İmamoğlu, cemevlerinin bu milletin ibadethanesi olduğunu dile getirerek, “Bu milletin asli ibadethanelerinden birisidir. Anadolu'da, bizim insanlarımızın yüz yıllardır ibadetini yaptıkları yerdir. Dolayısıyla cemevlerinin bütün hak ve hukukunun korunması noktasında, bu kardeşinizin makamı, mevkisi ne olursa olsun, makamsız, mevkisiz de olsa, bu mücadeleyi sizlerin hak mücadelesi olarak yerine getireceğini, yapacağını her yerde söyledim, burada da bir kez daha huzurunuzda söyleyeyim. Bu bir lütuf değildir. Hakkınız olan, hukukunuz olan ihtiyaçlarınıza katkı sunma görevini yerine getiriyoruz. Bugüne kadar olan eksiklikleri tamamlama gayreti içerisindeyiz. Bunun siyasi partisi ya da vesairesi de olmaz. Bakın bu hak, hukuk meselesidir” şeklinde konuştu.

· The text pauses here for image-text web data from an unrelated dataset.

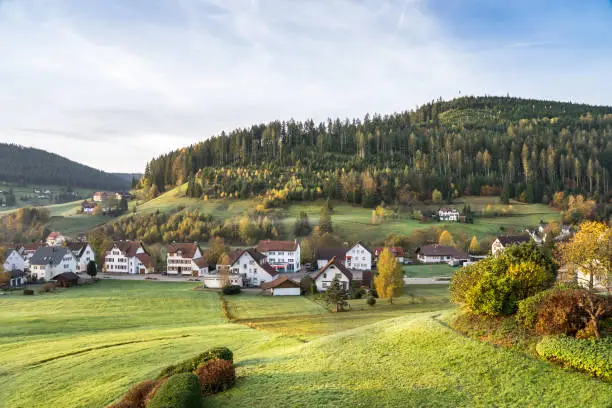 Landscape near village of Baiersbronn in Black Forest,Germany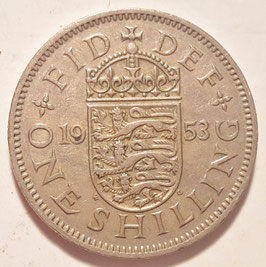 Great Britain 1 Shilling 1953 English KM#890 VF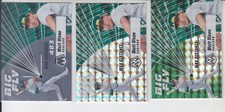 (3) 2021 Mosaic Matt Olson Big Fly Base + Silver + Green Prizm Braves A's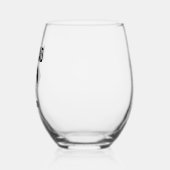 Name des personalisierten Vaters Weinglas Ohne Stiel (Links)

“Allah, hiçbir zaman milletimize o tür acıları bir daha yaşatmasın”
“Ülkemizde bütün insanlarımızın, bütün vatandaşlarımızın hakkının, hukukunun korunduğu, hukuksuzluğun da sona erdiği günleri hep birlikte yaşarız” diyen İmamoğlu, şunları söyledi:
“İslam tarihinin en derin acılarından birinin, en büyük katliamlarından birinin yaşandığı bir günün yıl dönümünü hep beraber yaşıyor, anıyor ve o acıdan aslında milletçe barışı, huzuru ve bir daha öyle olayların yaşanmaması adına dersler çıkartıyoruz. Allah, hiçbir zaman milletimize o tür acıları bir daha yaşatmasın. Ne yazık ki, yüzyıllar geçse de yakın zamanda acılar yaşamış milletiz. Ve bunları, içimiz kan ağlayarak hatırlıyoruz. Başımız öne düşüyor. İçimiz yanıyor. Bu konuda sonsuz mücadele vereceğiz.”